Frank McNeirney, national coordinator of Catholics Against Capital Punishment, said the new study reaffirmed his beliefs. McNeirney said capital punishment sends the wrong message to criminals.
"When a state attempts to solve its problems via the use of capital punishment, it sends a message to all that killing people is an effective way to achieve one's goals," McNeirney told CNS in an e-mail.
While the research supports his ideology, McNeirney said capital punishment would still be an unacceptable practice regardless of what research shows. According to Catholic Church teaching, capital punishment is only acceptable in rare situations where execution is the only way to defend human life against an aggressor.

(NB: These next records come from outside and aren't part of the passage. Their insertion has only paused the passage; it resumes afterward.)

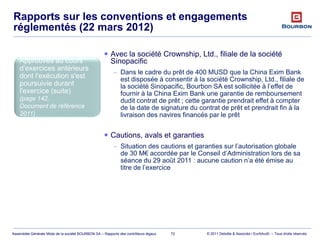 © 2011 Deloitte & Associés / EurAAudit – Tous droits réservésAssemblée Générale Mixte de la société BOURBON SA – Rapports des contrôleurs légaux
Rapports sur les conventions et engagements
réglementés (22 mars 2012)
72
 Avec la société Crownship, Ltd., filiale de la société
Sinopacific
– Dans le cadre du prêt de 400 MUSD que la China Exim Bank
est disposée à consentir à la société Crownship, Ltd., filiale de
la société Sinopacific, Bourbon SA est sollicitée à l’effet de
fournir à la China Exim Bank une garantie de remboursement
dudit contrat de prêt ; cette garantie prendrait effet à compter
de la date de signature du contrat de prêt et prendrait fin à la
livraison des navires financés par le prêt
 Cautions, avals et garanties
– Situation des cautions et garanties sur l’autorisation globale
de 30 M€ accordée par le Conseil d’Administration lors de sa
séance du 29 août 2011 : aucune caution n’a été émise au
titre de l’exercice
Approuvés au cours
d’exercices antérieurs
dont l'exécution s'est
poursuivie durant
l'exercice (suite)
(page 142,
Document de référence
2011)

McNeirney said he doubted supporters of the death penalty will be able to consistently make cases for the use of executions as the only alternative.
"It seems to me that proponents of the death penalty, each time they seek to execute someone, have to make an ironclad case that killing the criminal is an absolute necessity, and that incarcerating him or her for life in a supermax prison would not protect human lives," said McNeirney. "That's going to be hard to prove."
In the study, titled "Do Executions Lower Homicide Rates? The Views of Leading Criminologists," Radelet and co-author Traci Lacock conveyed new findings and revealed flaws in studies that have drawn opposite conclusions.
Both an Emory University study and another study by two University of Colorado students published by The Washington Post argue that executions do decrease the number of homicides, but Radelet's research said many of these findings cannot be supported by any theory and have been disproved.
Others support Radelet's research, saying their views coincide with the data; one of these is Richard Dieter, executive director at the Death Penalty Information Center. He said Radelet's research asked the right individuals the right questions to clarify the debate.
"I think this is an important research document because it goes to the experts in this field on a confusing issue. Many Americans aren't clear about it and here an overwhelming percentage of these experts believe the evidence just isn't there to support the death penalty as a deterrent," Dieter said.
Dieter argued the research confirms a long-standing conclusion from experts on the issue. He said he believes most research supporting the view that the death penalty is a deterrent is flawed because it tends to apply findings nationally from states he said aren't representative of the entire country.
More than half of the country's executions this year took place in Texas, according to Dieter, who said data from Texas should not be used as representative of the rest of the country.
Radelet's study serves as a good response to conclusions based on unrepresentative data, Dieter said, and will have an impact on the debate.

"The death penalty is now on the defensive. Many states considered abolishing it this year and some have abolished it. I think it does make a difference," Dieter said. "There is very little or no proof of the death penalty as a deterrent, and that hasn't changed."